I have a feeling the video will be taken down so wrote everything he said word for word.
This man, Bouquet Ismael, was sold as a slave in Libya for $270 but he managed to escape and is now sharing his story. He started by informing us that slave trade began in 2012, which is shortly after Gaddafi was killed. He shared some of the gruesome truths about the Libyan slave trade. Things we only thought happened four centuries ago are now happening to our Libyan brothers and sisters.
I created a transcript in anticipation of his video being removed for the internet:
“You may have seen the videos of black people being sold but that’s too late.
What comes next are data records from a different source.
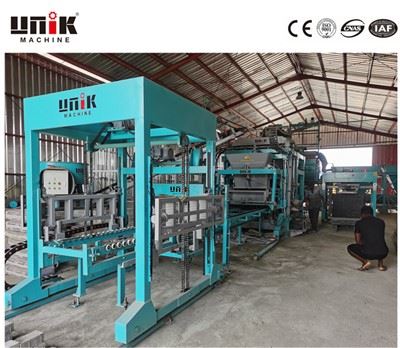 Macchina per la produzione di blocchi cavi completamente automatica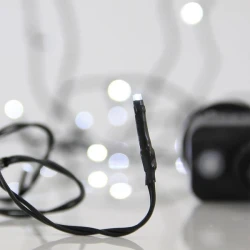 100 LED διακοσμητικά λαμπάκια με μετασχηματιστή 31V σε πράσινο καλώδιο ψυχρό λευκό φως IP44 4,95m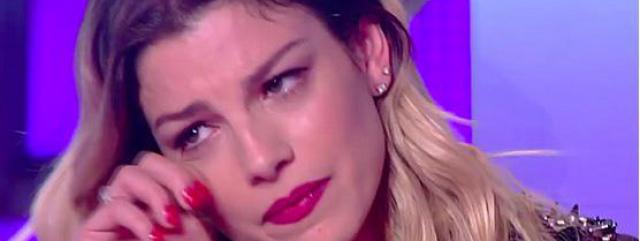 ''AMICI'': FURIOSA LITE IN STUDIO. EMMA SCOPPIA IN LACRIME. ECCO COSA E' SUCCESSO - 03/05/2015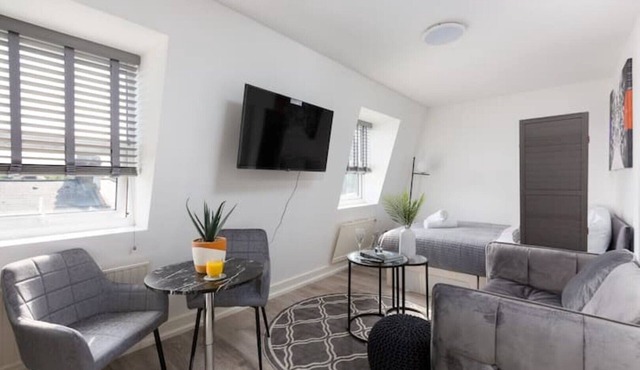 Modern Large Studio, 15 mins walk to Notting Hill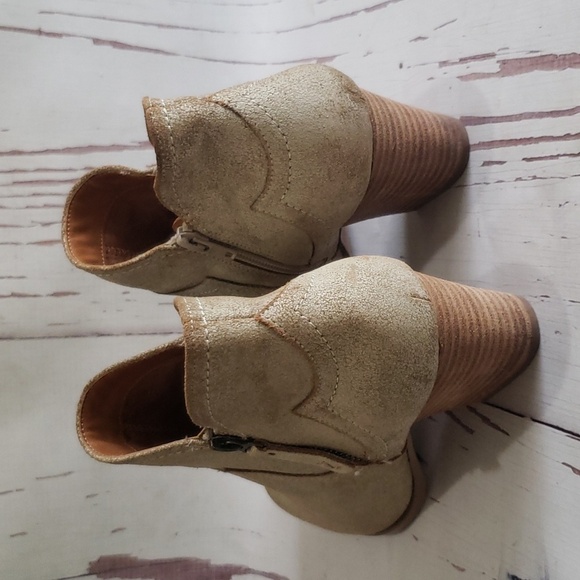 Zodiac 10 crackle beige/tan suede ankle boots - Picture 4 of 8
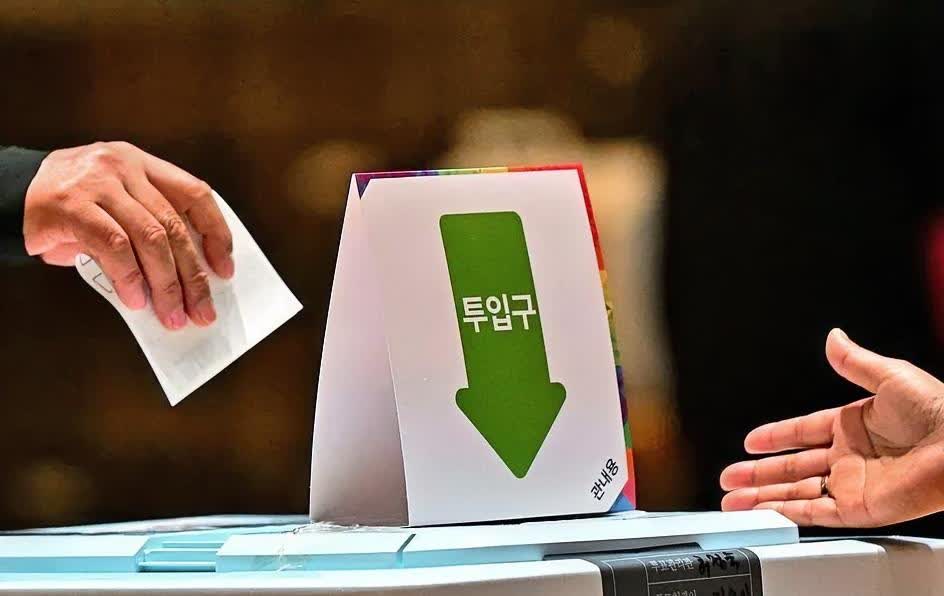 目前7位总统候选人只剩下了5人，但李在明、

李在明支持率高达49%，领先金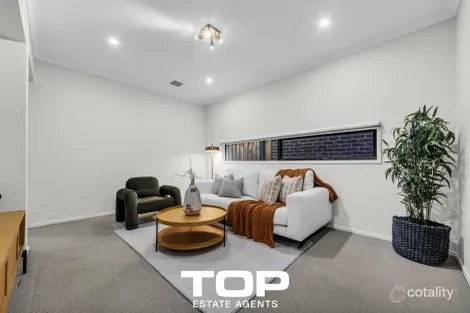 Property photo of 5 Watermint Way Clyde North VIC 3978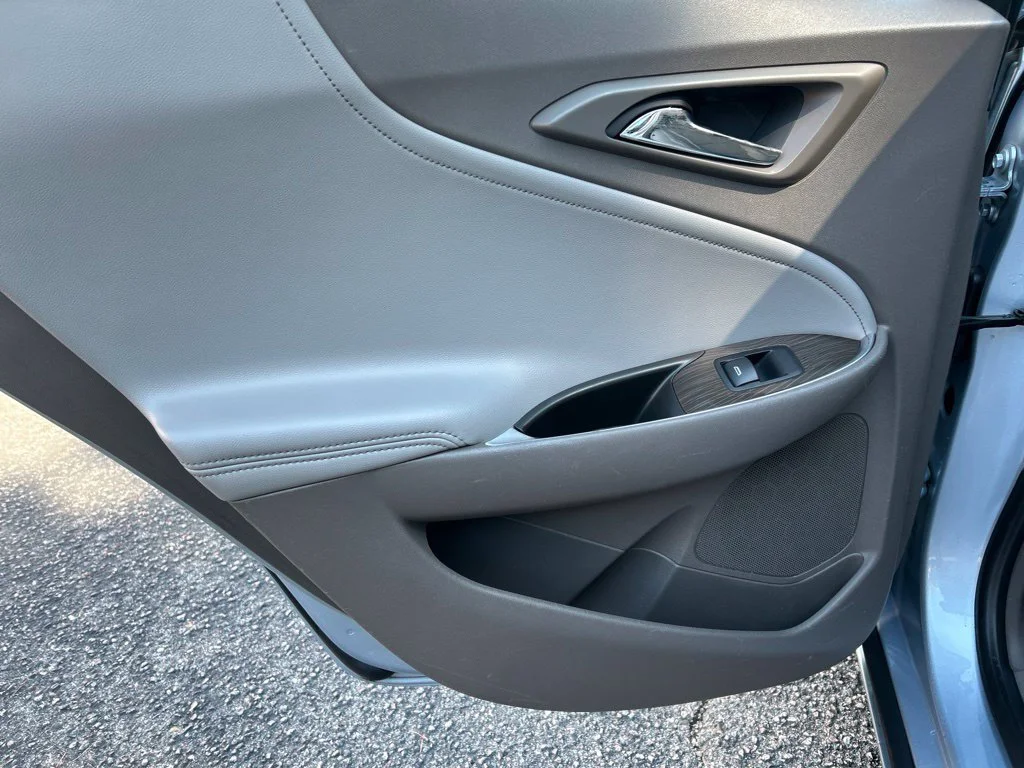 Used 2017 Blue Chevrolet Premier image 28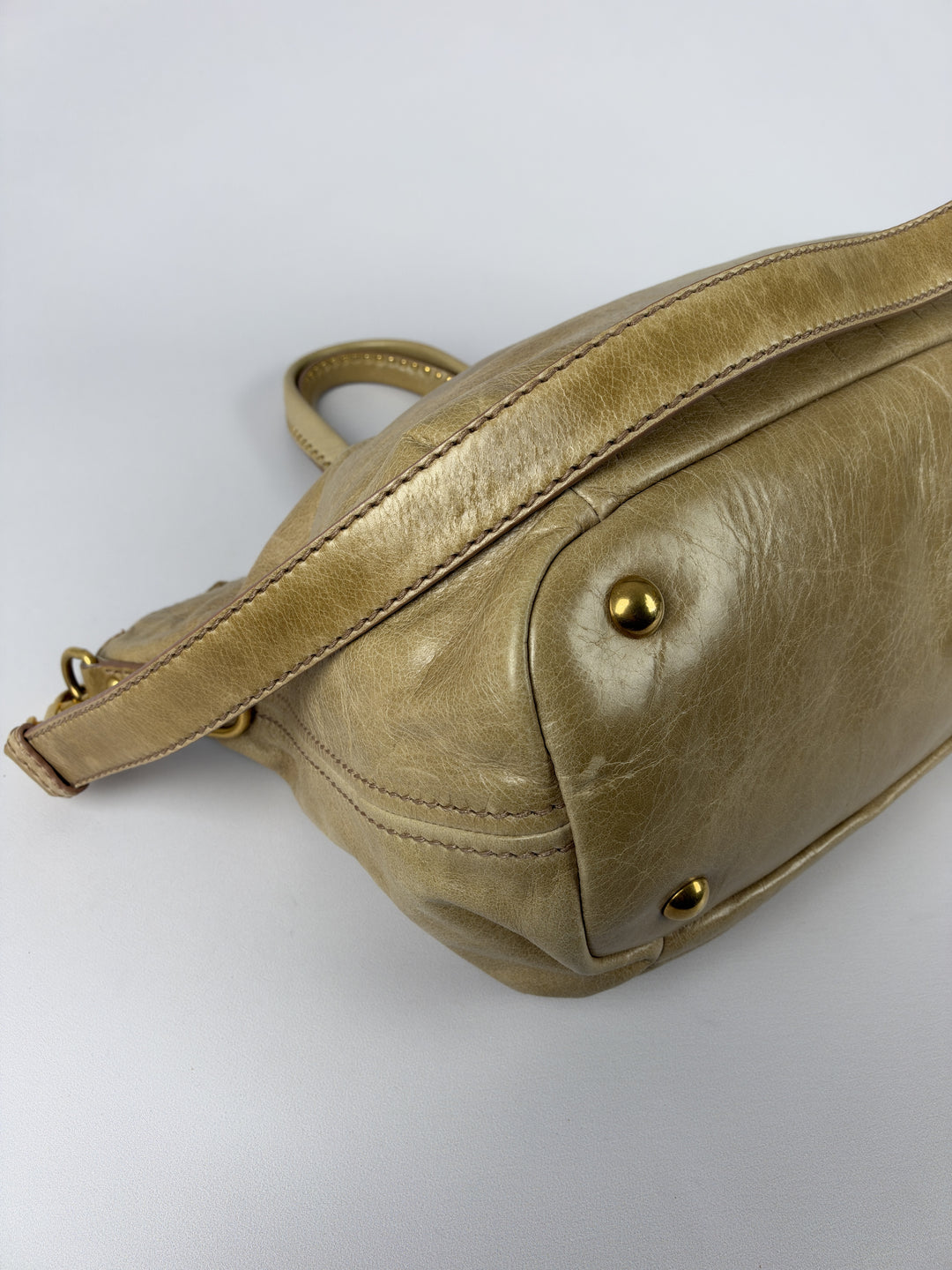 Miu Miu Vitello Lux Leather 2-Way Crossbody Shoulder Bag in Beige/Taupe, Detailansicht 8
You have only seen videos from 2017. What happened to the videos from 2013, 2012, 2014? They’re not showing you that. Blacks being sold is hurtful, that’s true but believe me there’s worse.
If I tell you there’s worse than that, that’s because I have been sold. I know what Libya is because I made it out of Libya. I spent a lot of time in Libya. I know Libya like the back of my hand. I was sold for $270. In a place called Sabha that many know. I worked for 6 months on a plantation, by God’s grace I was able to escape but it wasn’t over. I escaped one hell hole to embrace another worse one. I fled Sabha to Bangali. I was kidnapped by a group of rebels. The rebel leader was Abdul Karim. All who have been through Bangali know this man. This man has over 350 African women in captivity at this very moment. The men I can’t even count. The whip was an everyday thing. The electric wire on your body. We were over 1000 people in Abdoul Karim captivity. By God’s grace I escaped alone in 2016. When I escaped, I couldn’t help my brothers that were still locked up. I can’t complain to anyone because everyone is in the same migrant trade.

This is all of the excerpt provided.